A late-November stock-market rally helped deliver a boost to Thrift Savings Plan (TSP) performance in 2025, underscoring how strategic fund allocation can impact retirement outcomes. Federal employees with assets in the stock-based funds saw notable gains, while those in conservative funds experienced steady but smaller returns.
G Fund:
0.34% November
4.08% YTD
4.46% 12 Month
F Fund:
0.64% November
7.49% YTD
5.65% 12 Month
C Fund:
0.24% November
17.78% YTD
14.96% 12 Month
S Fund:
-0.45% November
11.97% YTD
4.08% 12 Month
I Fund
0.42% November
28.54% YTD24.91% 12 Month
The TSP offers several core funds, plus Lifecycle (L) funds that blend investments based on your target retirement date. The three stock-based core funds — C, S, and I — track broad market indexes:
- C Fund invests in U.S. large- and mid-cap companies by mirroring the S&P 500.
- S Fund focuses on U.S. small- and mid-cap stocks outside the S&P 500, tracking the Dow Jones U.S. Completion Total Stock Market Index.
- I Fund targets international companies in developed markets outside the U.S. and Canada, following the MSCI ACWI IMI ex China ex Hong Kong Index.
These funds’ performance directly correlates with stock market trends, meaning market rallies translate into portfolio gains. The other core funds, F (bonds) and G (government securities), offer more modest, stable returns, while L Funds provide a diversified mix that gradually shifts toward conservative investments as retirement nears.
The I Fund led the pack, benefiting from robust international stock-market performance, while the C Fund reflected strength among large U.S. companies. The S Fund also delivered double-digit YTD gains, though with slightly higher volatility typical of smaller-cap stocks.
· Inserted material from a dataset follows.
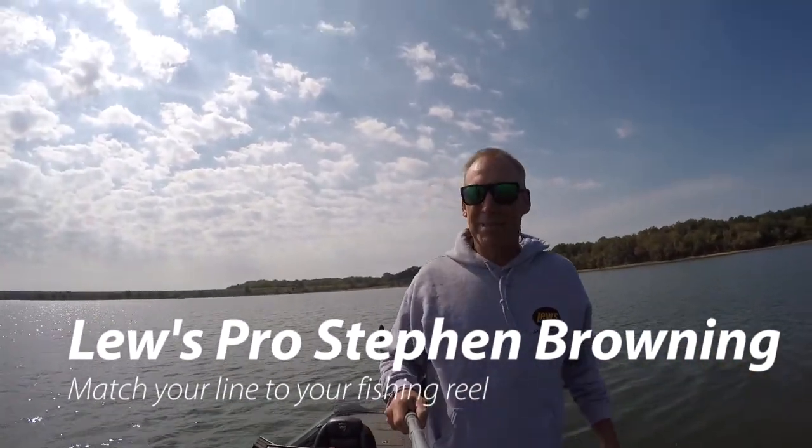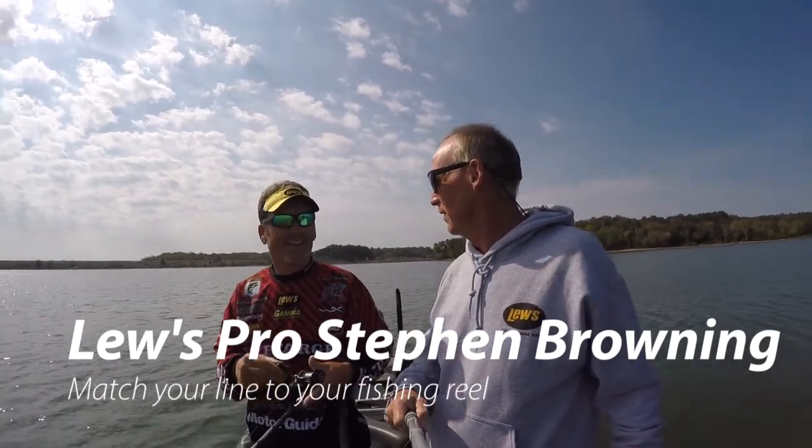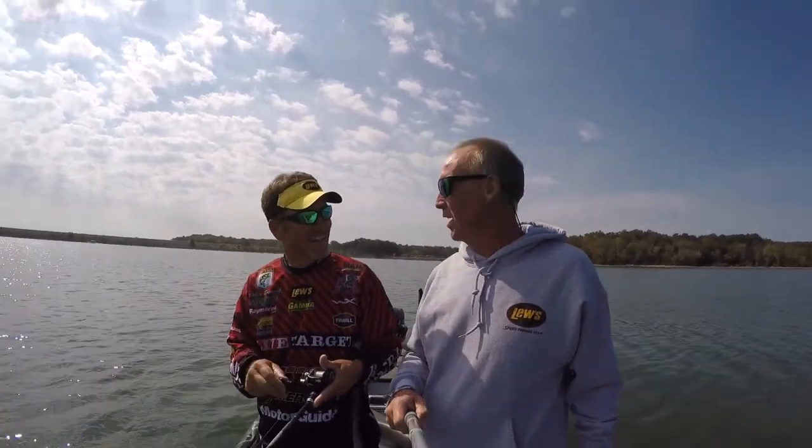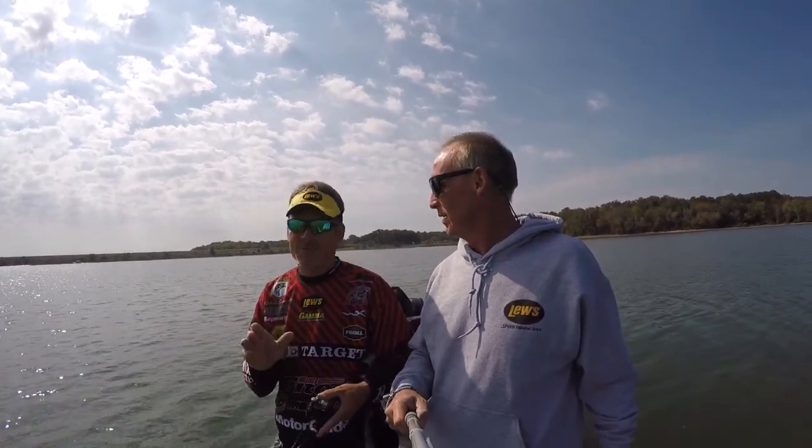Dagnabbit, Steven Browning, I'm tired of this. How come I can't catch an old fish on these? On these what? On these reels. Oh, dude. I'm confused about reels. Let me tell you, let me give you another little tip on your reels.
This recent surge highlights a few important points for federal employees planning retirement:
Equity exposure can pay off. Years like 2025 show how stock-based allocations can generate significant growth, especially over the long term.
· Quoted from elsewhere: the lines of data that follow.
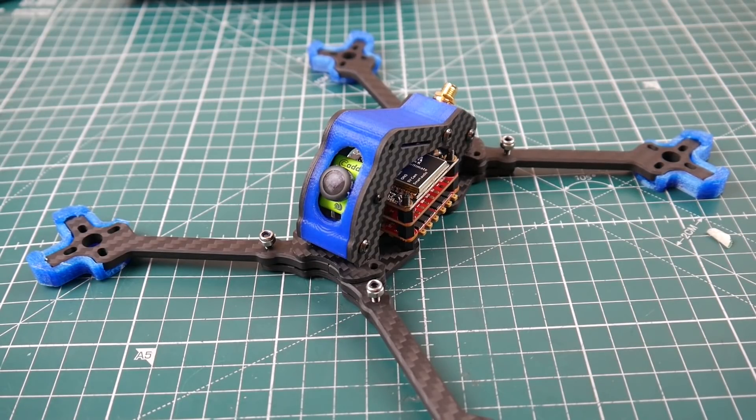Hi guys, welcome back to the channel. We finally have a new frame design to look at today, and I think I'm going to be building this on the next episode as a 6S low KV build. But first, let's talk about the frame.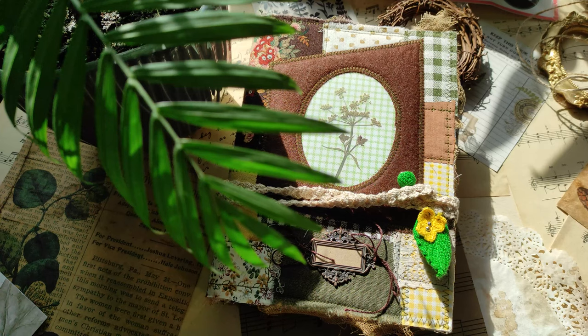But today I have this book of herbs to share. This journal is longer and slightly wider than the usual one, and it has two signatures inside. I would like to start telling more about this journal with the cover.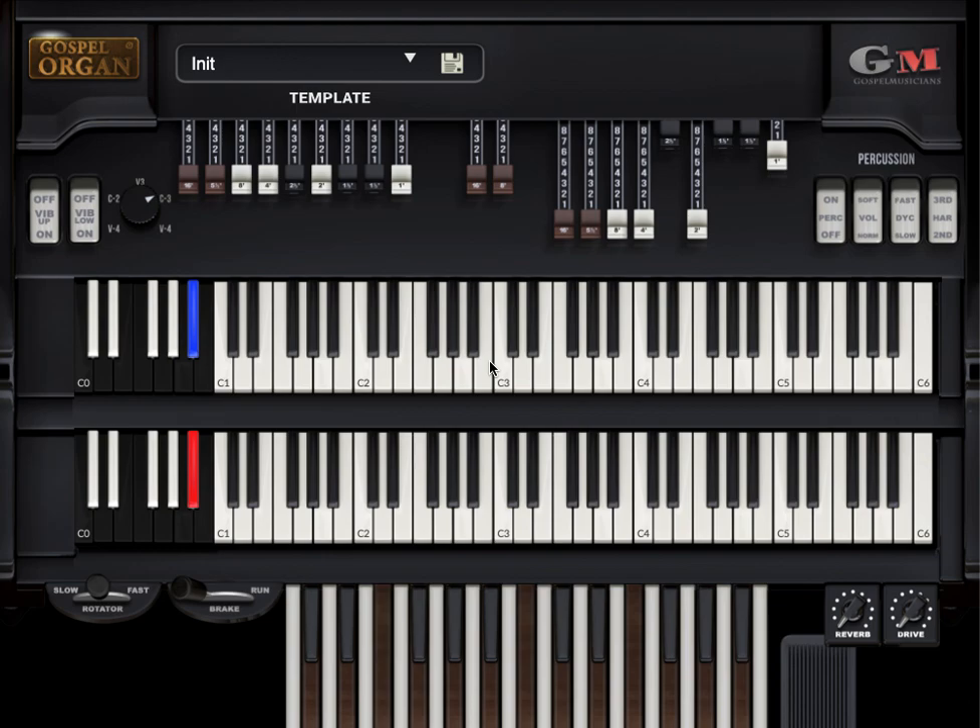Hey everybody, this is Kurt Buell with the Buell Institute of Music and KurtBuell.com, and today I'm so excited to share with you guys a brand new way of teaching organ lessons. Y'all gotta check this out.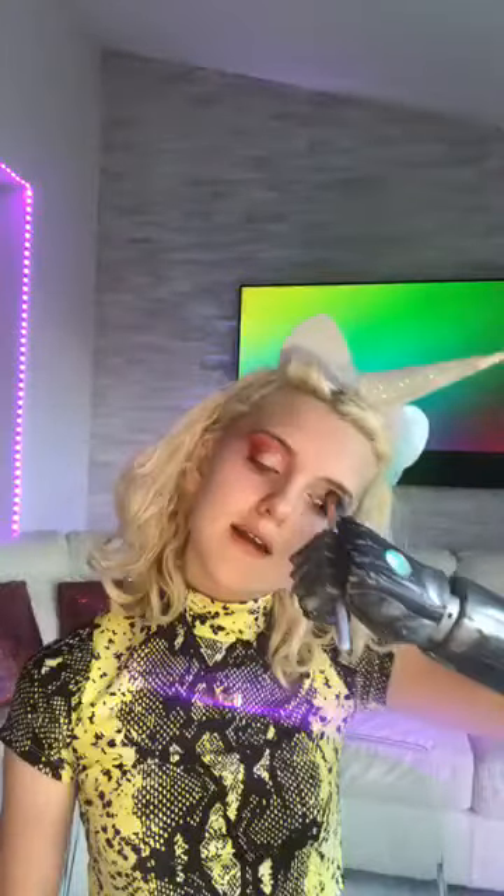I decided it was my time to try and get into makeup a little more. So on my Christmas list I put a little bit of makeup, and when it arrived I was itching to play around with it — just see what I could do with my face. I was really excited by it.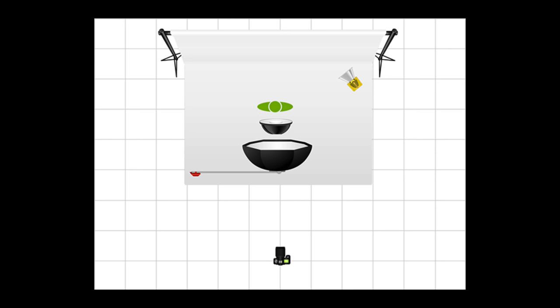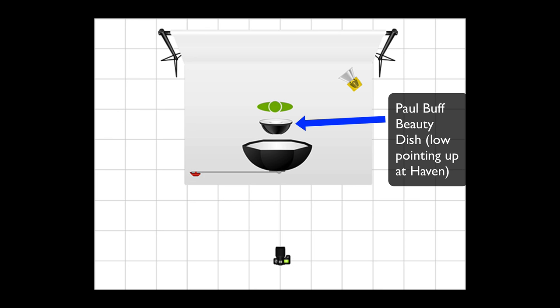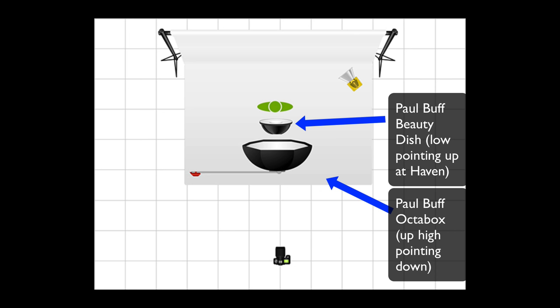Today's episode will be on clamshell lighting. I'm going to take you through our lighting diagram next. Clamshell lighting is fairly simple. Basically, I'm using three lights: a beauty dish below the subject, an octagon box above the subject, and a small Alien Bee pointing at the seamless background in the back. And that's basically how I do it.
Diversification remains essential. While stock funds outperformed this year, combining equities with fixed-income and government securities helps balance growth and risk.
Time in the market matters. Long-term investors who maintain a consistent allocation tend to benefit more than those attempting to time market fluctuations.
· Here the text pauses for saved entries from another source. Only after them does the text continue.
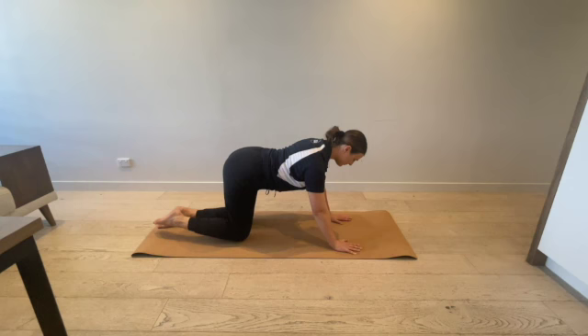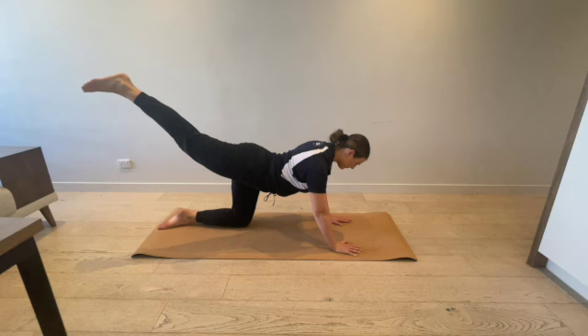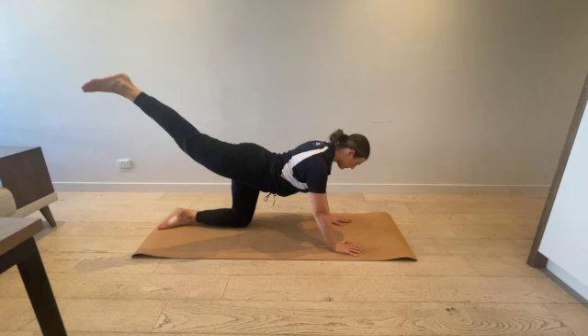Begin on hands and knees. Shift body weight onto one knee and extend the non-supported leg. Engage core muscles for stability. Lift the non-supported leg upwards within personal comfort and safety zones. Hold the balance for three seconds.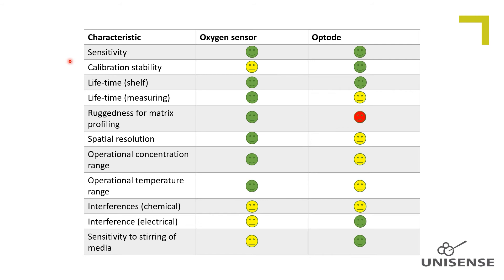Calibration stability. The optode is superior to the amperometric sensor in terms of signal drift. Therefore the optode is recommended for long-term monitoring in incubations, and it is also recommended to use the optode for our microaspiration system.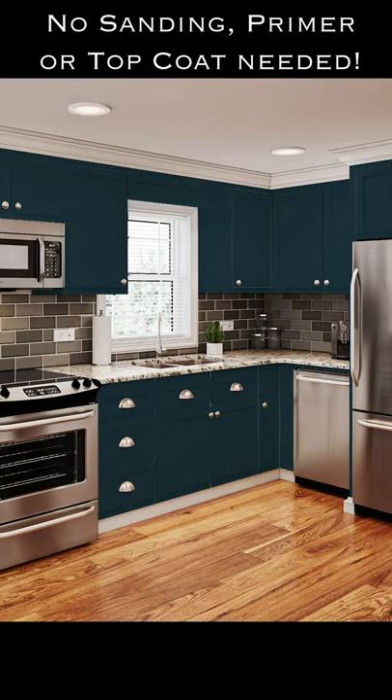All-in-One Paint is available in 30 beautiful curated colors and is specifically designed for the novice painter to help you achieve professional results for any of your painting projects. Our paint takes the pain out of painting without the need for sanding, priming, or sealing.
Review your TSP allocation. Strong performance in some funds may prompt a review of whether your current mix aligns with your goals, risk tolerance, and retirement horizon.
2025’s rally is a timely reminder that your TSP allocation can dramatically influence retirement outcomes. Federal employees should consider how stock exposure, diversification, and long-term strategy fit into their broader retirement plan. With careful planning, attention to market trends, and the help of a Federal Retirement Consultant (FRC®), you can help ensure your TSP works as hard as you do.